“It is devastating to learn about the passing of Louis Mazibuko,” laments the Chairman Kaizer Motaung. “Here we have lost a smart human being, whose legacy of writing and speaking will linger on. The giant of scribing has fallen. Louis was one of a kind. He let the pen do the talking. He was a nonpartisan writer and knew his journalism. His work was at another level.”
Motaung was reacting after receiving the news of the death of Louis ‘Figo’ Mazibuko. Mazibuko died on 8 July, after illness.
“Louis was there during the 70s,” recalls Motaung. “It is a sheer coincidence that he began his career during the years of the formation of Kaizer Chiefs. I had the pleasure of conducting several interviews with him. He was very knowledgeable about football. He interviewed me during my playing days as well as in my days as a soccer administrator. His command of the Queens language was extraordinary.”

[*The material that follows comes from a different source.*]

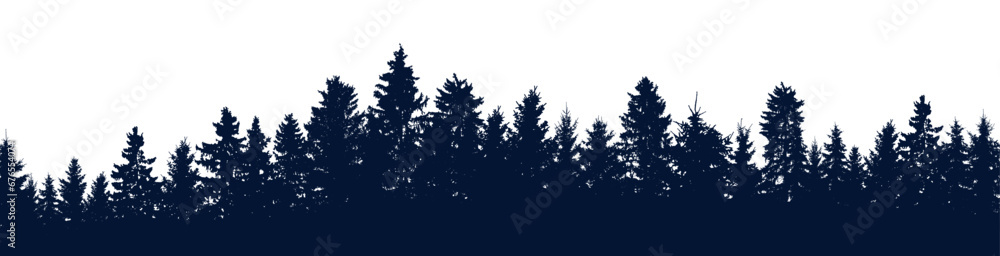 Obraz premium Beautiful forest silhouette, coniferous trees. Vector illustration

Mazibuko also affectionately known as ‘Mshikashika’ started his career in the 70s plying his journalism trade for publications such as The Sunday Extra, The World, Sunday Times, and as deputy sports editor of Sunday World. The Rand Daily Mail and Sowetan appears in his stellar career.
“I am unable to put pieces together to describe the loss of such a stalwart,” says Motaung. “He pulled no punches in his interviews but soberly so. As he went on retirement four years ago, we kept in touch and often picked each other’s brains on the recollection of the past football memories. He had great comprehension and recollection of the history of football. He will be sorely missed by many.”
Life outside the pen and scribbler cannot be summarised in words. “He was a likable man with good energy,” says Motaung. “He was passionate about his work. We would share jokes and he enjoyed quotable quotes. If you read his articles you will realise the poet in his style of writing, and that is how he conducted an exchange of ideas outside his scribbling. I will miss his friendly persona.
“At this point, I wish to extend my condolences to the bereaved family, friends, and the press society. Your loss is a loss to many. Louis left a legacy and indelible mark in the history of sports journalism. He leaves behind a track record of excellence and passion for writing and speaking all matters sports. He may be gone but will never be forgotten. Legends do not die they multiply. Rest well Champ.”